Could you please return each line of the data that has the word "those"?

**PROVIDED MATERIAL**
>>>>

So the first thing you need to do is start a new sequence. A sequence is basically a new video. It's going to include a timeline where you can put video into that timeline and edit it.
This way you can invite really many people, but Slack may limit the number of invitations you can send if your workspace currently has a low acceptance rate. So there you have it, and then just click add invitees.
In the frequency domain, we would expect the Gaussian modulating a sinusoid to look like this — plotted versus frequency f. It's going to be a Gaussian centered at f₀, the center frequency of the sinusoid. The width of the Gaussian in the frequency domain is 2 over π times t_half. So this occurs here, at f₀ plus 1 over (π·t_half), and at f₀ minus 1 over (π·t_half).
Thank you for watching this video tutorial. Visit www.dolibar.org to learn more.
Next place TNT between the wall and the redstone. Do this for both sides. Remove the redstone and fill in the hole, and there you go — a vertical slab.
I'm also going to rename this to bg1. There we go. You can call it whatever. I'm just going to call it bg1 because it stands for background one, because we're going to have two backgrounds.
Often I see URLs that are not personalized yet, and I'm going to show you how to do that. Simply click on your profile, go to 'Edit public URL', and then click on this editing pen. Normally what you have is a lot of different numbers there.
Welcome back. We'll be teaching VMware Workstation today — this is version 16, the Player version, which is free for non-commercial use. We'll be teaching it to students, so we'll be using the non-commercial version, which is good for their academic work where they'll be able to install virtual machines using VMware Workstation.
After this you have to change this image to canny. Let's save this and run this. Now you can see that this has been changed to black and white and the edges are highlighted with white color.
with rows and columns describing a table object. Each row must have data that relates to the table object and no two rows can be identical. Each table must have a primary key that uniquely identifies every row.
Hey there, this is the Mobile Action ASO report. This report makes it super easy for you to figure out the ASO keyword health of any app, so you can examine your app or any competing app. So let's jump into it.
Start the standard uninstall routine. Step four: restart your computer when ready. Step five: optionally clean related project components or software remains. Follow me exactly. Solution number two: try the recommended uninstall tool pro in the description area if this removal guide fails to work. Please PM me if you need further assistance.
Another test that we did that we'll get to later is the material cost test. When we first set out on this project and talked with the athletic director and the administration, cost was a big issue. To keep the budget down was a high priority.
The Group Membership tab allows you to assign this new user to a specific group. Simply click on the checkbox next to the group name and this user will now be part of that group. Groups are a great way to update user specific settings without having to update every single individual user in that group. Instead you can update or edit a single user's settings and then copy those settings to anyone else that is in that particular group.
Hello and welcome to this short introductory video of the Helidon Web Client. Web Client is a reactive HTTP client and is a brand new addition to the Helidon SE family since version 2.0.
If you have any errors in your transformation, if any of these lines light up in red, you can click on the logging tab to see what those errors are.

<<<<
>>>>

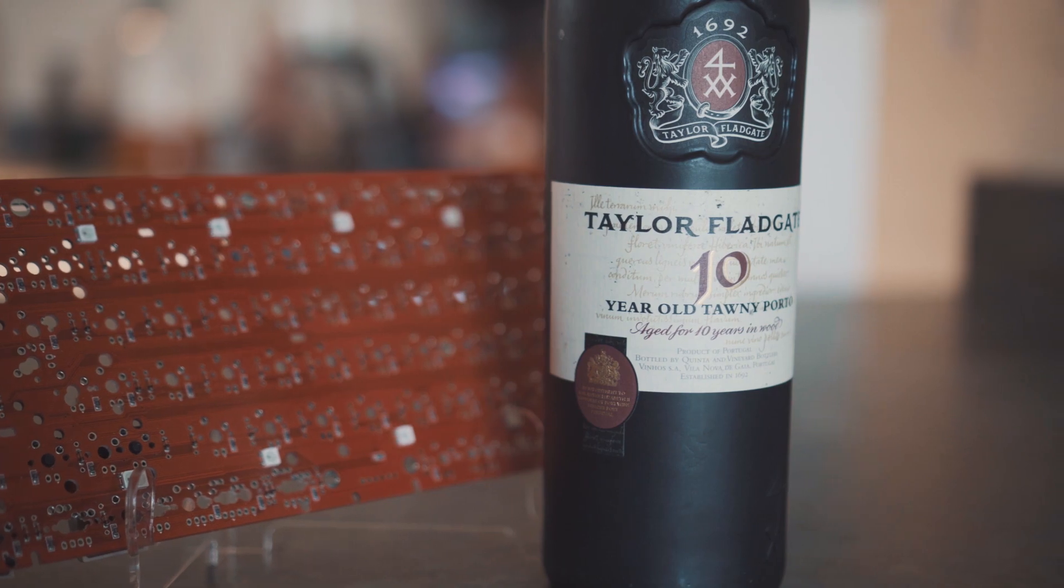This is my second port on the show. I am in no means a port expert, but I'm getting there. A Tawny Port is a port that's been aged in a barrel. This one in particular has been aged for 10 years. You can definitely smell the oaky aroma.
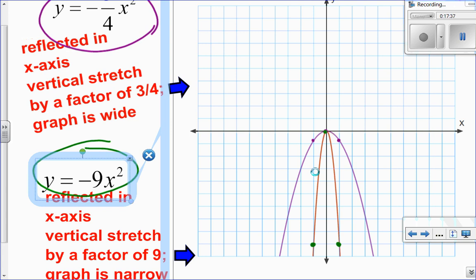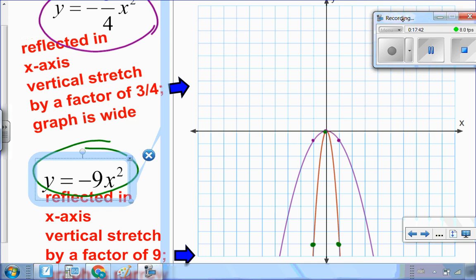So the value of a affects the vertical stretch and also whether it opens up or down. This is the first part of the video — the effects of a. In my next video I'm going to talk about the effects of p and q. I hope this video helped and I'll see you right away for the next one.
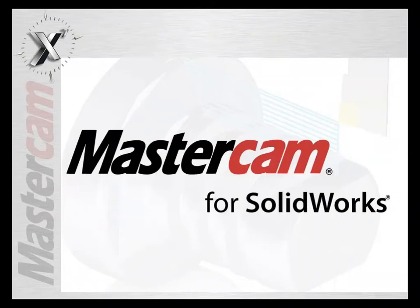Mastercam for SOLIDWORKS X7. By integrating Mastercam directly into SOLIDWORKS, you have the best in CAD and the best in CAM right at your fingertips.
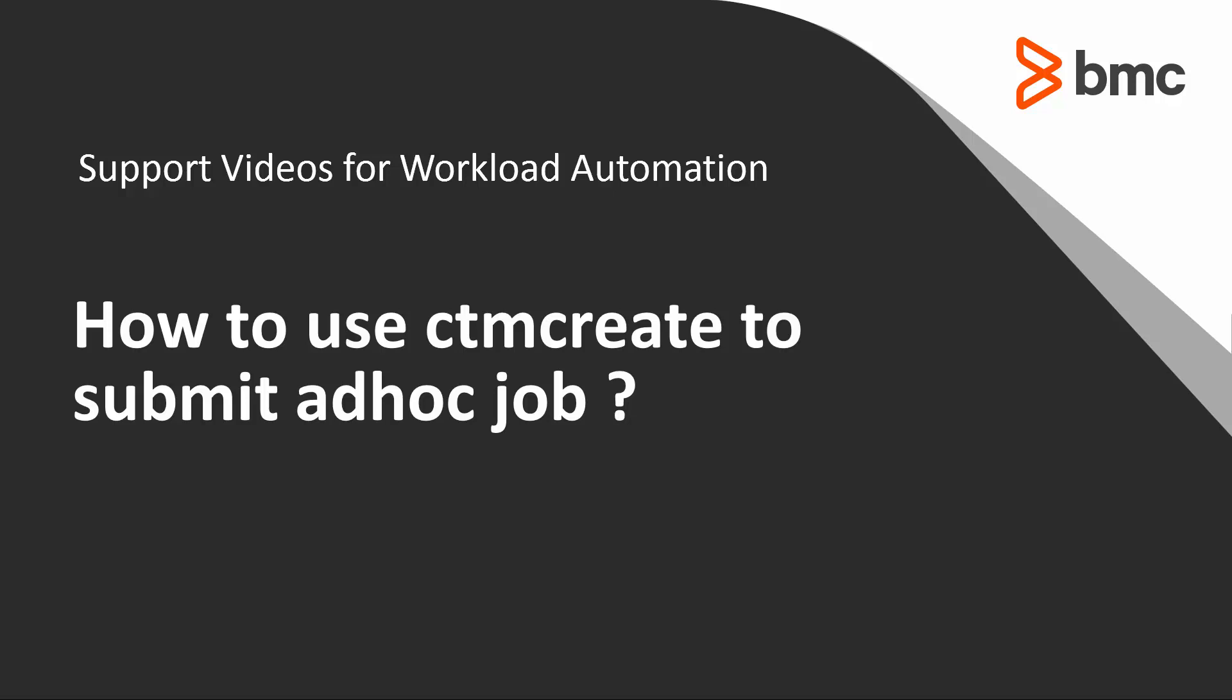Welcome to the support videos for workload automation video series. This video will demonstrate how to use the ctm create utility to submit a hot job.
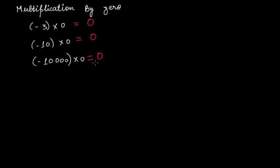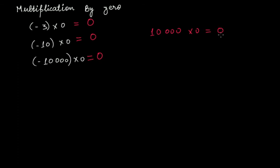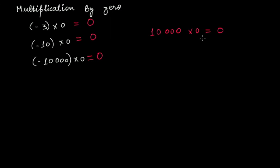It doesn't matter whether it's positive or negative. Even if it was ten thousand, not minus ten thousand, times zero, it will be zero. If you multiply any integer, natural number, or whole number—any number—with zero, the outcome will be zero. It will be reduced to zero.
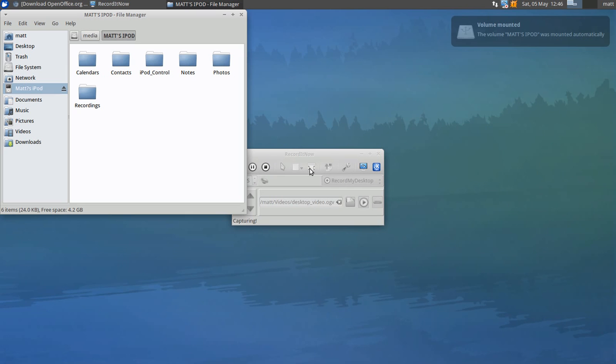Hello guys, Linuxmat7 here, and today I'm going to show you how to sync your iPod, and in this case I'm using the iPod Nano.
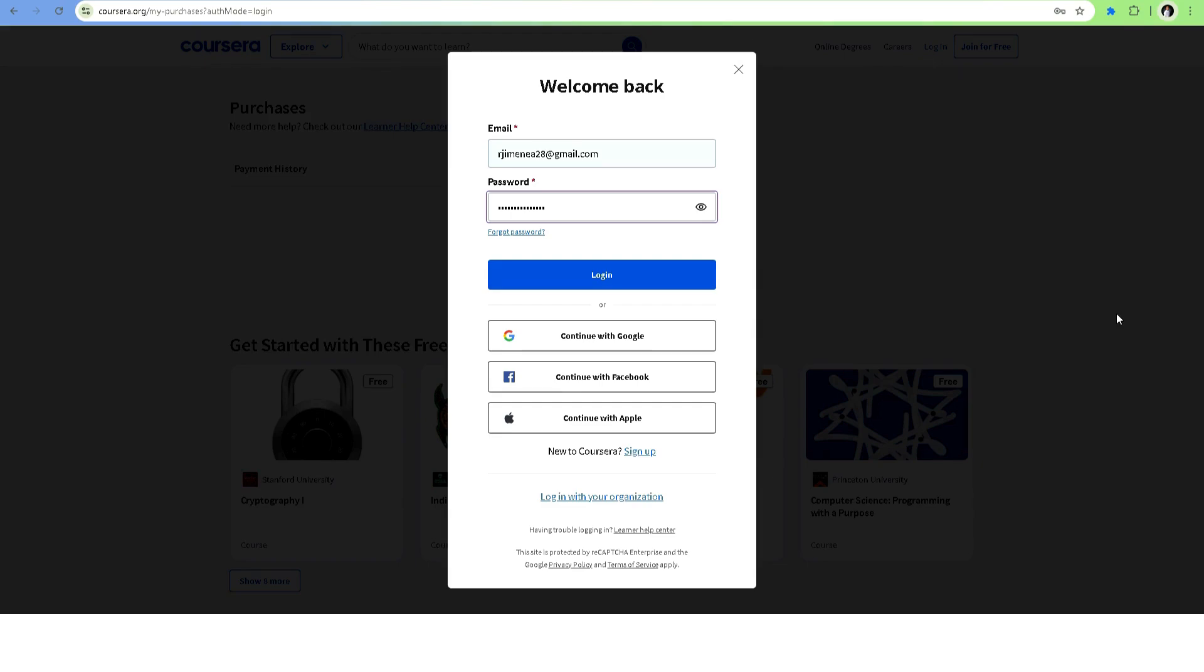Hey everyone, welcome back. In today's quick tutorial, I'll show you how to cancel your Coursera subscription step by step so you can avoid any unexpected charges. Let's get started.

<<<<

**FINISHED TASK**
The Group Membership tab allows you to assign this new user to a specific group. Simply click on the checkbox next to the group name and this user will now be part of that group. Groups are a great way to update user specific settings without having to update every single individual user in that group. Instead you can update or edit a single user's settings and then copy those settings to anyone else that is in that particular group.
If you have any errors in your transformation, if any of these lines light up in red, you can click on the logging tab to see what those errors are.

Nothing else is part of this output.